Most of the letters (particularly the early ones) are naive and embarrassing, but there’s no denying who wrote them. Reading them, you recognise so much more than the handwriting. The tone, colour and expression are as distinctive as a fingerprint, even 10 years on.

2 – Most “disasters” fade into trivia

Do you want to know my lowest point of 2008? How about the thing that stressed me the most in 2011? It’s all there in its bizarre, laughable, inconsequential glory. Whether it’s tiffs with friends or wonky romances, great anguishes become a pantomime. At first, that makes you feel silly for writing about them. Then you realise: this happens every year. Every year, seemingly unconquerable challenges fade into obscurity and comedy with nothing more the passing of time. The message is simple: if nothing gold can stay, nothing rotten can either.

3 – You can be your own greatest advisor

My first few letters were archeological – simply narrating the highlights of the year with a bland summary of the happy and the sad. But after a while, I thought that I shouldn’t just record the past, I should try to advise my future self. After that came the letters that floored me. The voices to your present self are nagging, self-criticising and (frankly) boring. But voices from your past self are full of nothing but hope (I think by now you will have crossed that bridge and won…) , support (I bet this year was tough on a few fronts and that’s okay…) and possibility (I have a feeling you’ve done something extraordinary…). When those voices wins, anything is possible.

A friend explained it beautifully in a parable he sent me:

A grandfather is walking with his grandson through a dense forest. The young boy asks if there are any wild animals in this part of the woods that they should fear. The old man says he can see four beasts that have been following them since they first left.

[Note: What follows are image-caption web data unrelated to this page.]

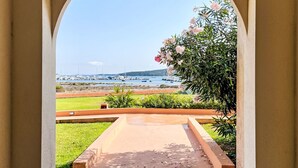 Vista a través de un arco hacia un puerto deportivo con barcos, un área verde y una planta floreciente.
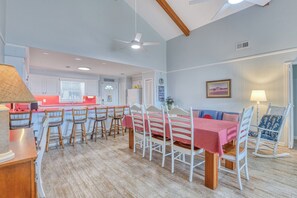 A dining area with a table set for four, surrounded by wooden chairs, a kitchen in the background, and a ceiling fan.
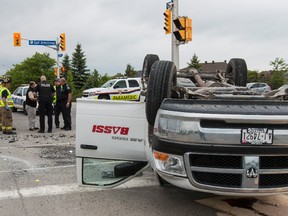 Emergency services personnel at the scene of a serious collision between two vehicles at the intersection of Earl Armstrong Road and Spratt Road in Ottawa on Thursday May 28, 2015. Errol McGihon/Ottawa Sun/Postmedia Network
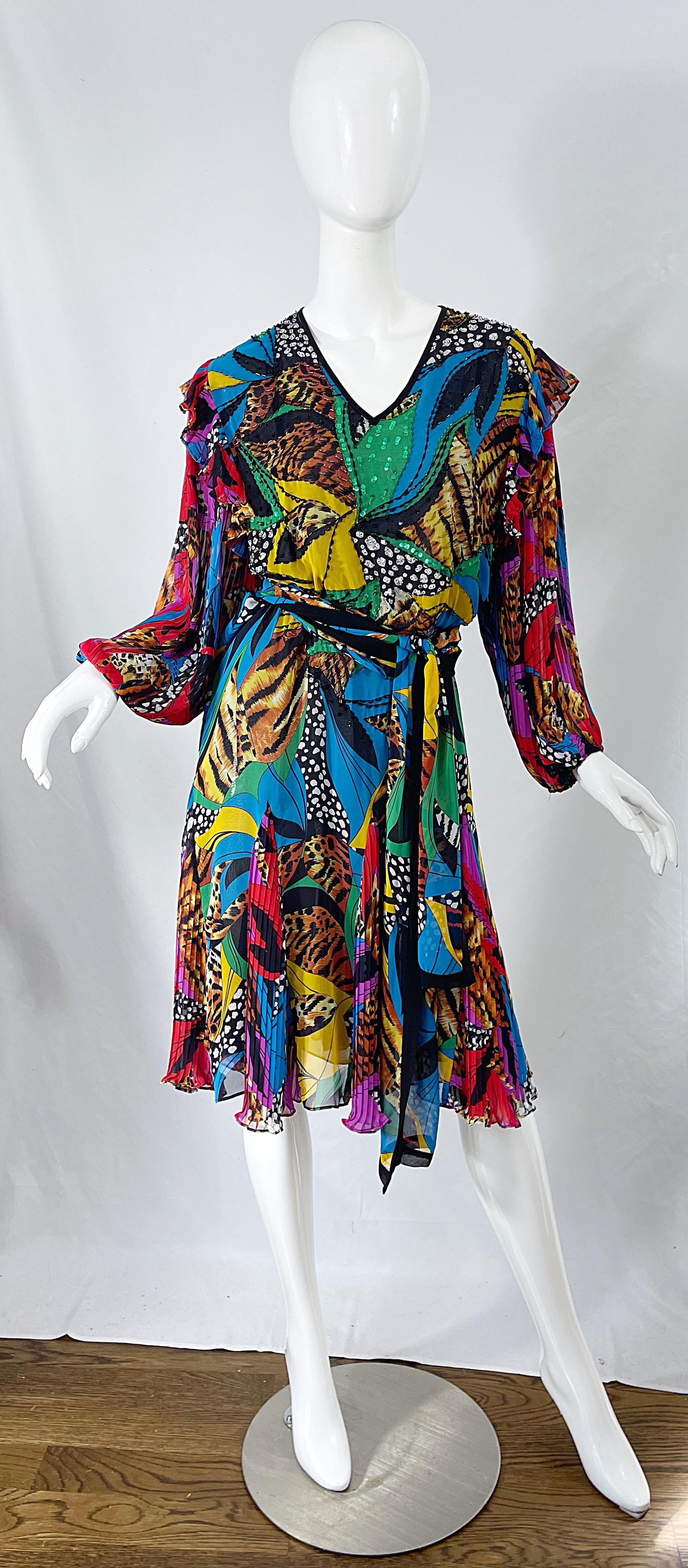 Fabulous mid 1980s DIANE FREIS beaded and sequin abstract and animal print chiffon dress ! Features a blouson style bodice with vibrant colors of green, blue, purple, black, white, yellow, red, and tan. Ruffle details at each shoulder. Simply slips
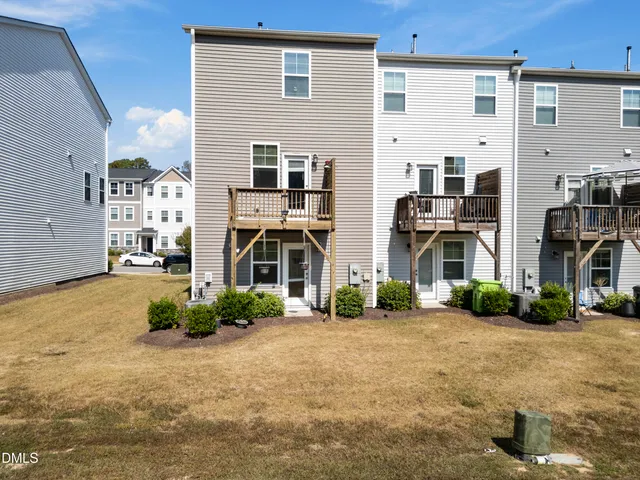 a front view of a building with a yard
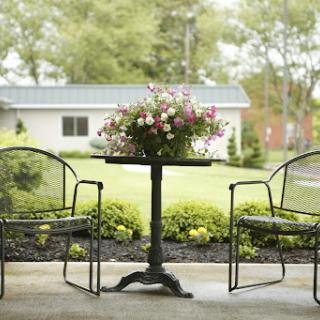 A serene outdoor seating area adorned with a floral centerpiece.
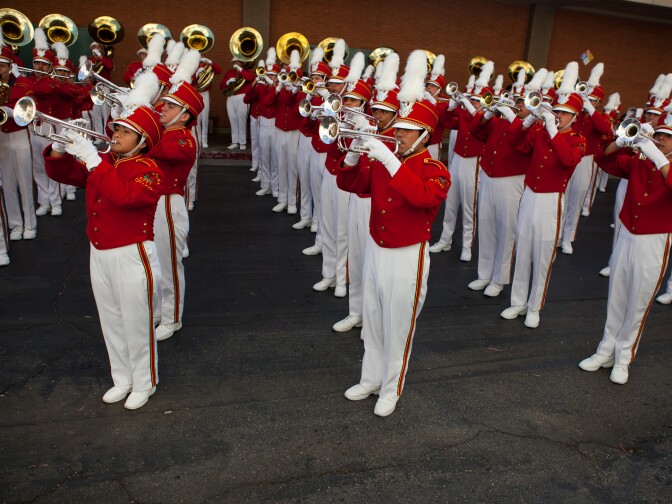 The trumpet section of the Tournament of Roses Honor Band practices before their performance at the 2011 Tournament of Roses Parade.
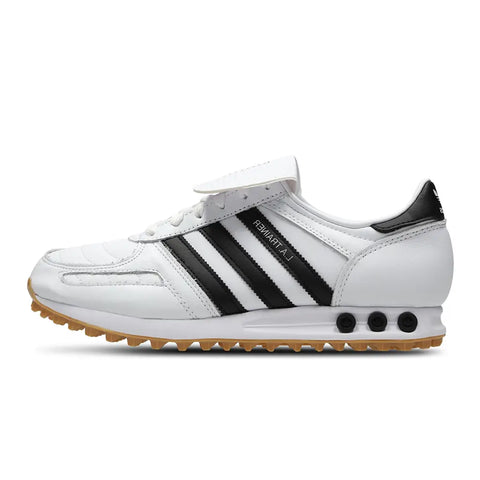 White sneaker with black stripes on a white background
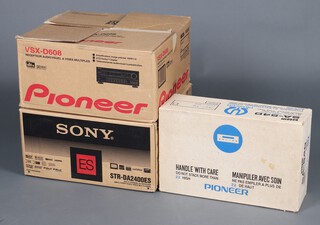A Sony STR-DA24 00ES multi channel AV receiver (boxed) together with a pioneer VSX-D608 multi channel receiver and a Pioneer SA-540 integrated amplifier 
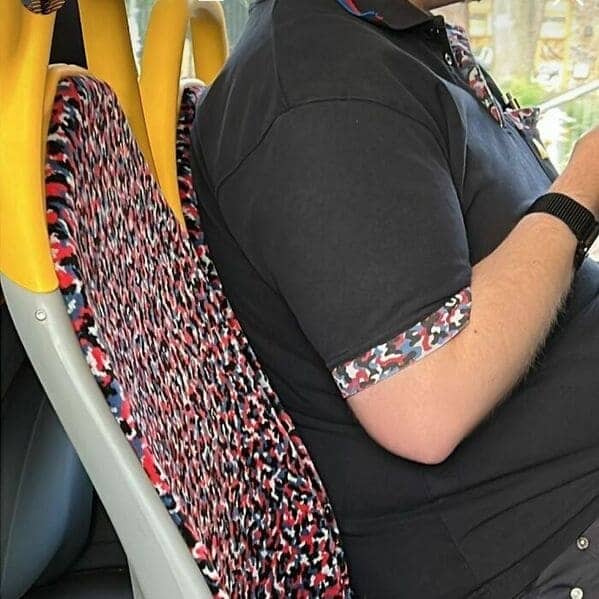 Man's polo shirt sleeve pattern perfectly matching the Berlin subway seat upholstery.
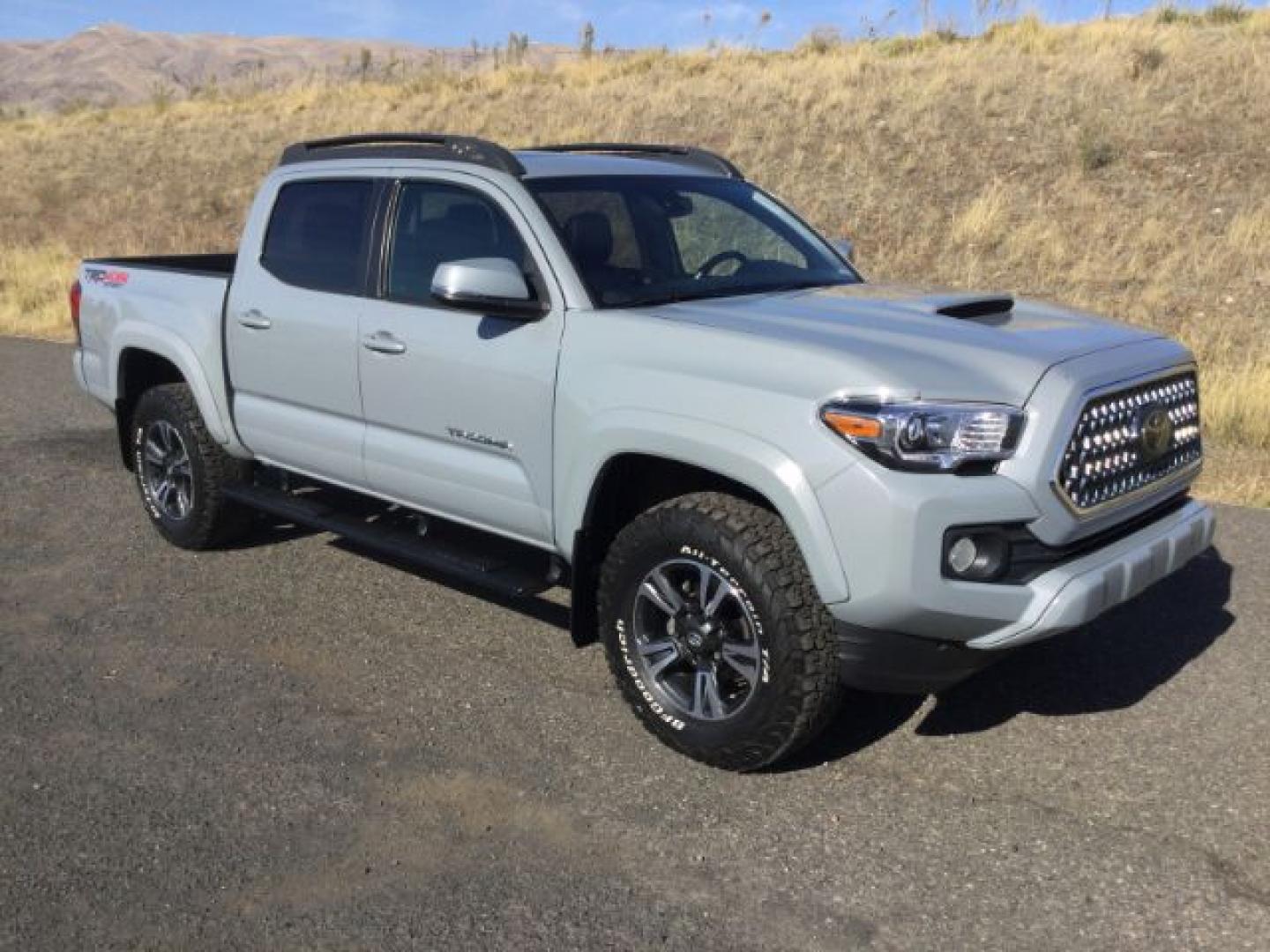 2019 Cement Gray Metallic /Black Leather Toyota Tacoma TRD Sport (5TFCZ5AN5KX) with an 3.5L V-6 port/direct injection engine, 6 Speed Manual transmission, located at 1801 Main Street, Lewiston, 83501, (208) 743-9371, 46.417065, -117.004799- Photo#1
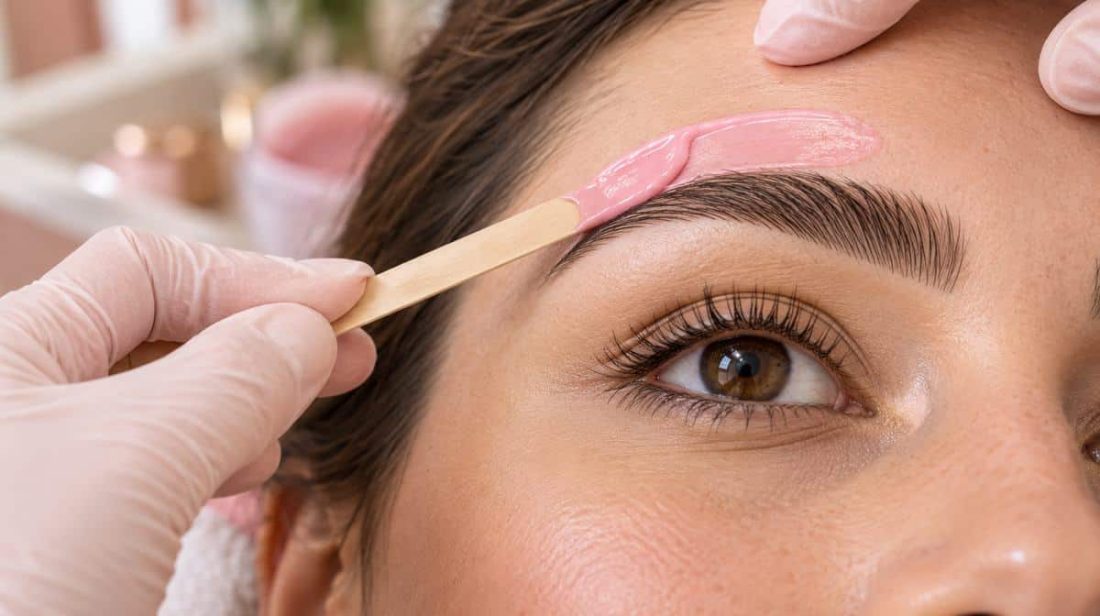 Soft pink wax applied along the brow with a wooden stick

The boy freezes. The grandfather smiles. The old man says to him there are two wolves inside of us which are always at war with each other. 

One of them is a good wolf which represents things like kindness, bravery and hope. The other is a bad wolf, which represents things like greed, hatred, self-criticism, negativity and fear.

The grandson stops and thinks about it for a second then he looks up at his grandfather and says, “Grandfather, which one wins?”

The old man quietly replies, ‘the one you feed’.